The Question We Don’t Want To Ask: Survival Strategies for a Miserable Job

The Question We Don’t Want To Ask: Survival Strategies for a Miserable Job December 4, 2015

Glass_exit_sign

Several years ago I was chatting with my nephew. I asked him what was one of the most valuable lessons he’d been taught by his father. His answer surprised me. It was this: “always assume it’s your fault.” My brother in law was not suggesting an over-functioning sense of responsibility for the faults of others. He was simply saying that ”if a situation goes south, look at yourself before pointing the finger of blame at others.”

I have counseled hundreds of people about work and personal issues over two and a half decades of service.   Most of them are very quick to blame their problems on others with very little if any scrutiny given to their own contribution to the situation. I see this pattern in myself—I’m an expert on the wrongs, deficiencies, and foolishness of others.   I don’t turn the gaze of scrutiny on myself as frequently or as ruthlessly.
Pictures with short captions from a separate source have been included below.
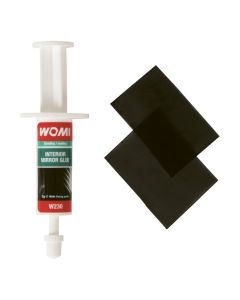 Womi W230 Binnenspiegellijm Wit - 2 gram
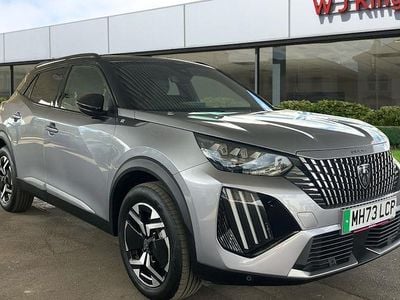 Peugeot e-2008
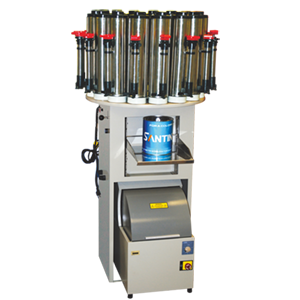 automatic shaker color machine, paint mixing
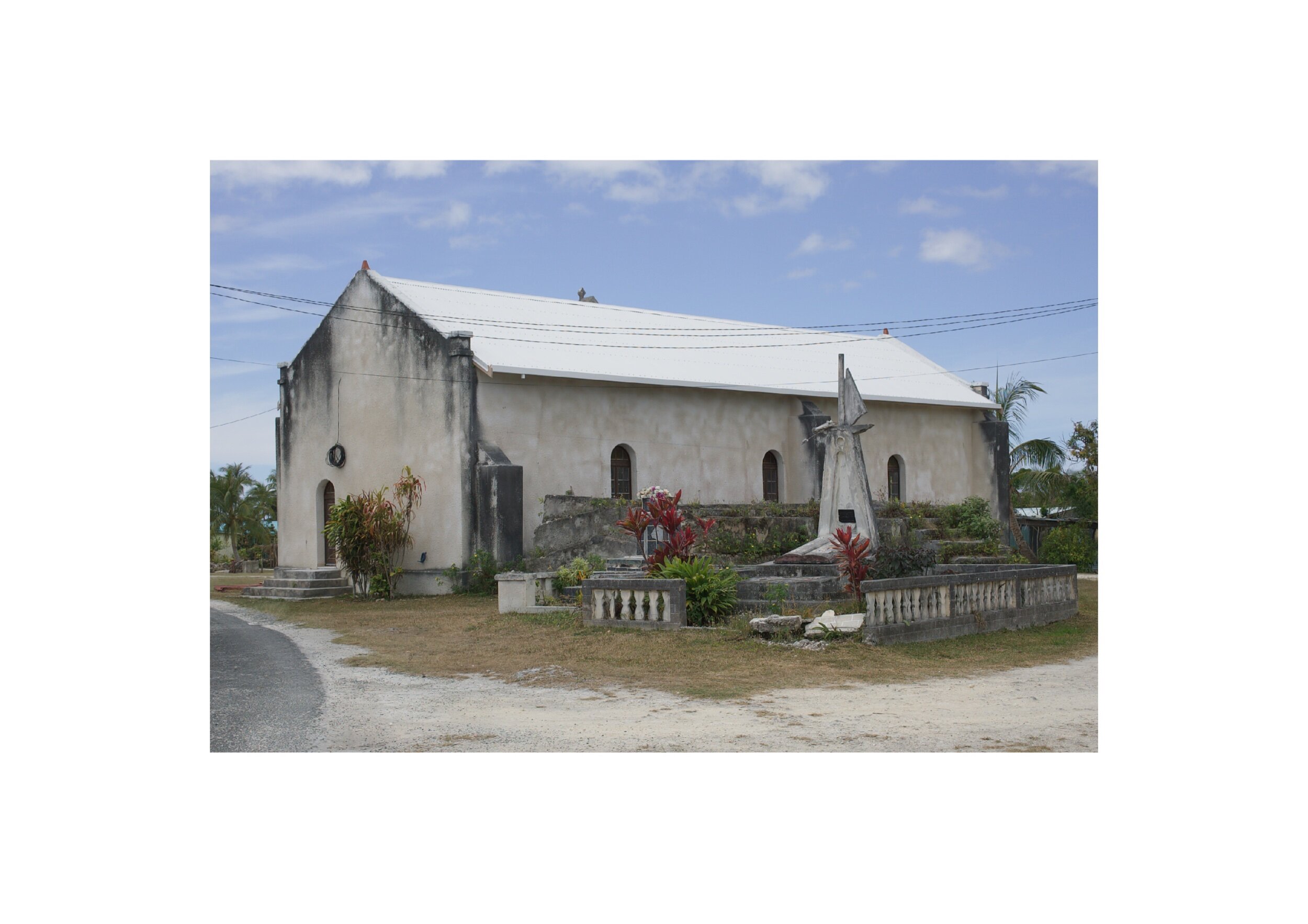  Location- Lifou  Date- 2017 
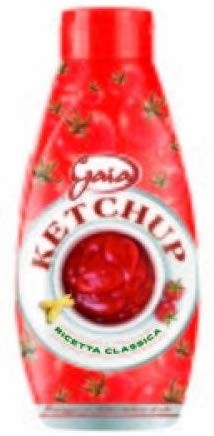 KETCHUP GAIA/BIFFI GR280 TWISTER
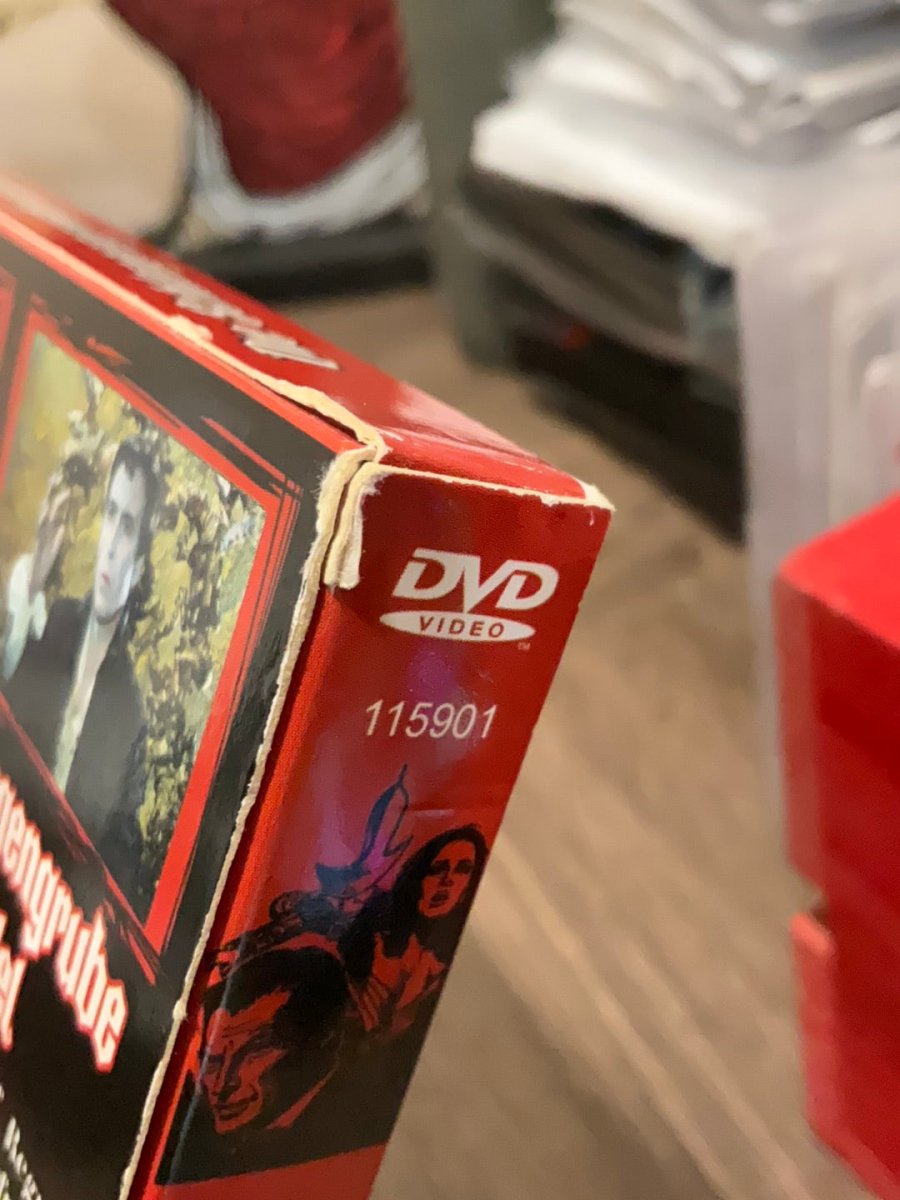 Castle of the Walking Dead / Torture Chamber of Dr Sadism (REGION B) W/SLIP DVD USED - Used DVD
Which leads me to a question we don’t want to ask when facing a miserable job.

 

Is It Me or The Job?

In the interest of efficiency, let me suggest the answer is almost always both. The boss, the system, the culture, etc., are broken, caustic, or simply not a good fit. Yet there is usually a broken part of us that plays along.   Here are 3 examples I’ve observed in myself and others, 3 ways we can make our jobs miserable.

  1. Mixed Motives: If I take a job because I’m desperate for income or need it for advancing my career, yet it does not match my talents and passions, I’m probably setting myself up for long-term misery.
  1. Conflict Avoidance: If my chief goal is peace keeping, than I will tend to tolerate dysfunction for such an extended amount of time that it becomes normal, expected, and therefore almost impossible to change.
  1. Crisis Creation: If I thrive on crises and rebuilding broken departments, I may passively neglect issues or even blow things up to feed by desire to drive dramatic change.

 

Jesus Called It Plank-Eye Syndrome

“Why do you look at the speck of sawdust in your brother’s eye and pay no attention to the plank in your own eye? How can you say to your brother, ‘Let me take the speck out of your eye,’ when all the time there is a plank in your own eye? You hypocrite, first take the plank out of your own eye, and then you will see clearly to remove the speck from your brother’s eye.” (Matthew 7:3-5 NLT)

What might it look like to have a “plank in in your eye” as you assess your current job?

 

Before You Head for the Exit…

Before heading to the exit from your miserable job, use the challenges as an opportunity to look inside and see what patterns of thought and behavior in you contribute to the misery. This brings two benefits. 1) it makes the miserable situation a little less miserable. And 2) you are armed with deeper levels of self-awareness, bringing a greater depth to your decision process as you look for something new.

 

How About You?

 In what ways do you make your work situation more difficult than it needs to be?